Work required: The answer must be an exact reprint of the lines from the one with "Casual Slash Neck" through the final line of the data, with no pictures included.

Given material:
>>>
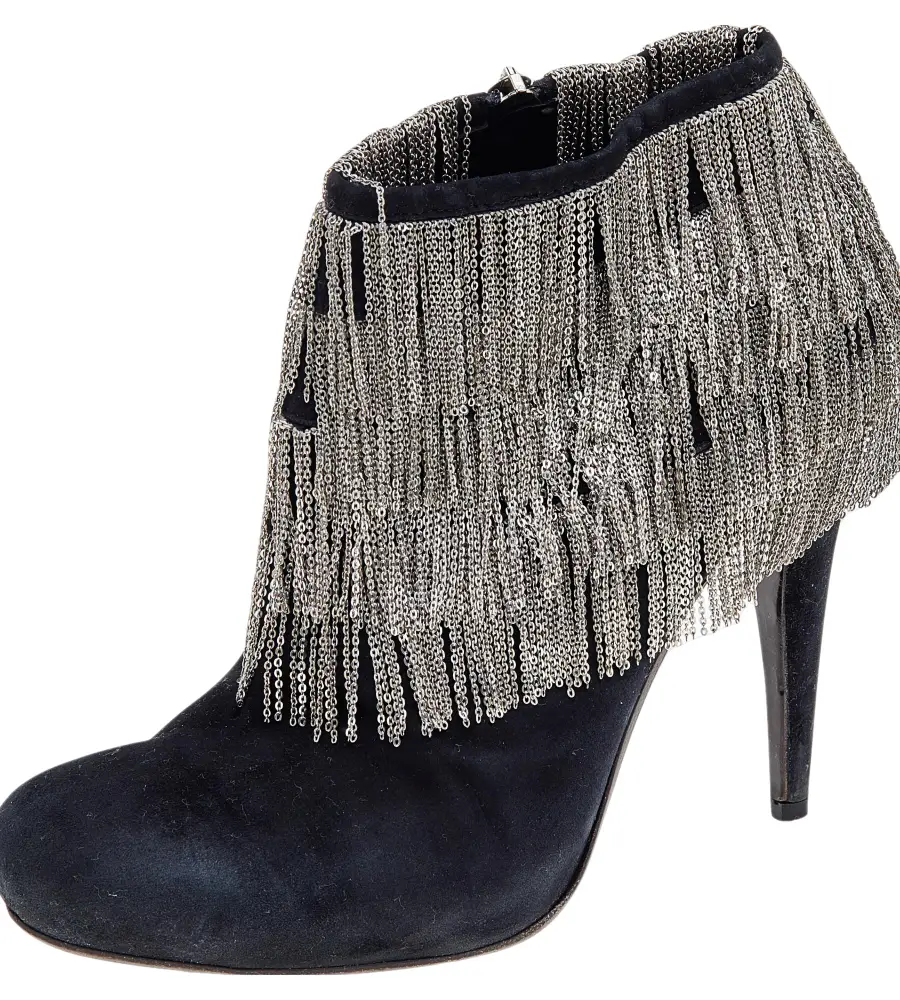 Roberto Cavalli Black Suede Chain Booties Size 40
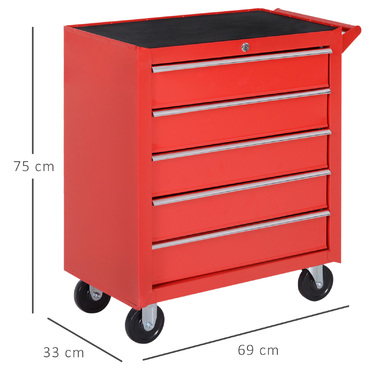 DURHAND Tool Trolley with Wheels, Tool Chest with 5 Drawers, Lockable Utility Cart with EVA Mat, Mobile Assembly Cart, Max. Load Capacity 150 kg, Steel, Red | Aosom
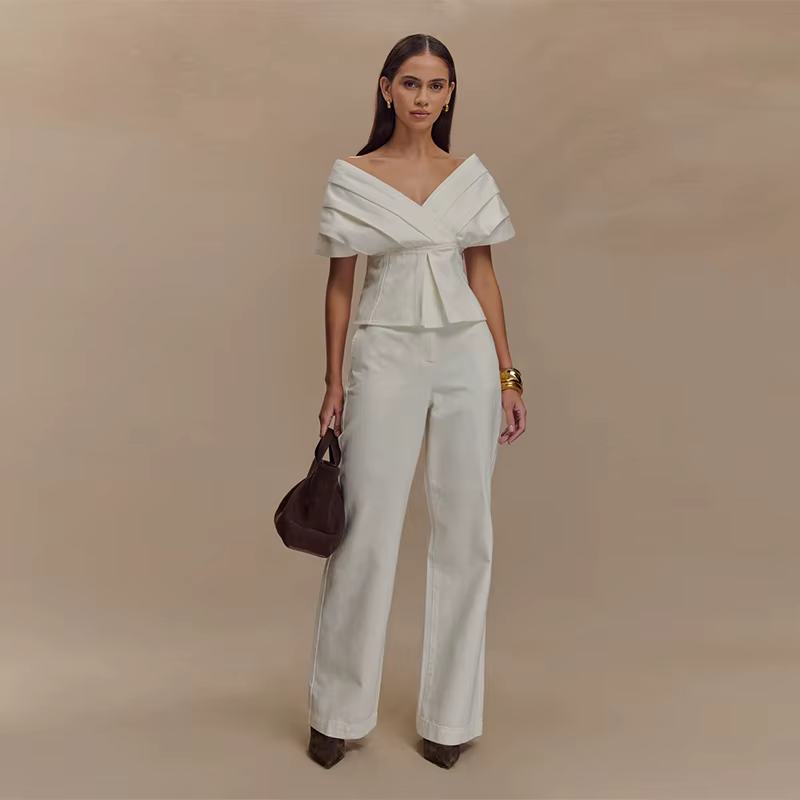 Casual Slash Neck Lace Up Pleated Top High Waist Wide Leg Jeans 2 Piece Set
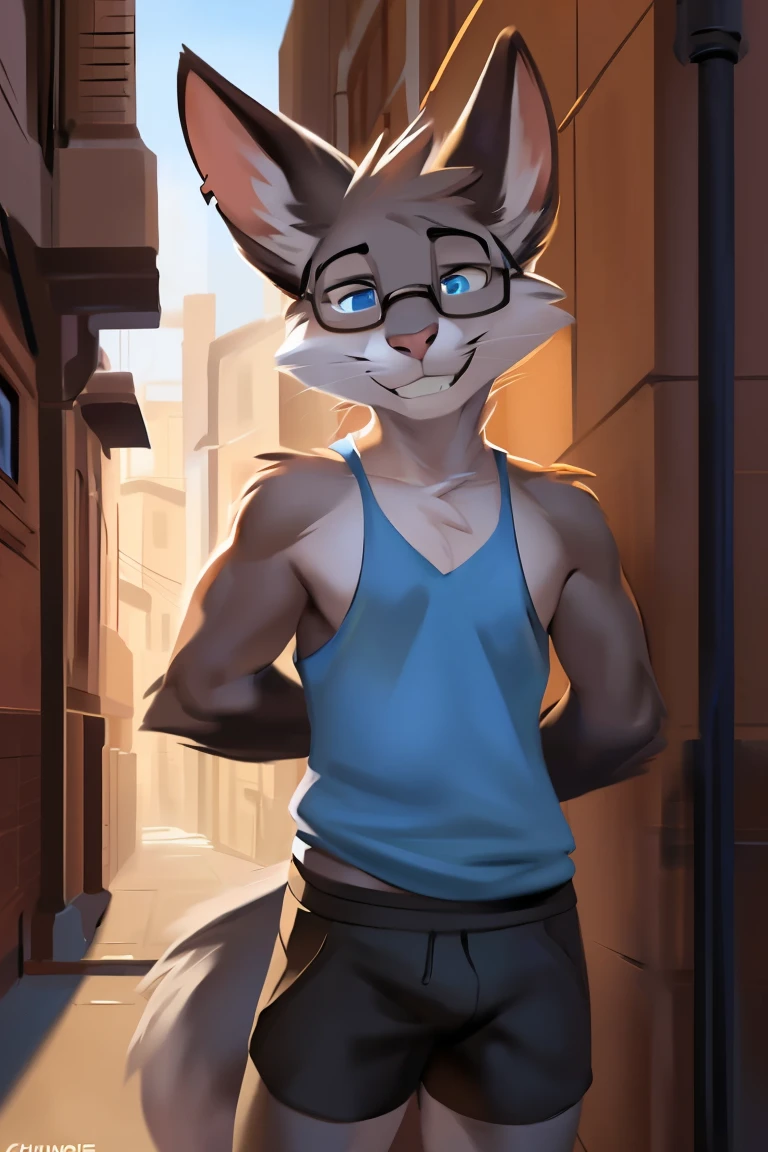 Alone, male, ((flat)), (((snout))), (notched ear, rabbit teeth), Delgado, weak, ((tired out, dizzy, tired out eyes, sleepy)), whiskers, gray fur, gray body, claws, (perfect smile, 1.1), rodent, by schmutzo, and lizette, (por bebebebebe 1.2), Delgado, smelly, nervous smile, ((mysticfox61)), by chunie, by no swift, black shorts pink tank top alley, golden hour, PLANTS, blue eye glasses. Full body looking towards viewer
<<<
Your response:
 Casual Slash Neck Lace Up Pleated Top High Waist Wide Leg Jeans 2 Piece Set
 Alone, male, ((flat)), (((snout))), (notched ear, rabbit teeth), Delgado, weak, ((tired out, dizzy, tired out eyes, sleepy)), whiskers, gray fur, gray body, claws, (perfect smile, 1.1), rodent, by schmutzo, and lizette, (por bebebebebe 1.2), Delgado, smelly, nervous smile, ((mysticfox61)), by chunie, by no swift, black shorts pink tank top alley, golden hour, PLANTS, blue eye glasses. Full body looking towards viewer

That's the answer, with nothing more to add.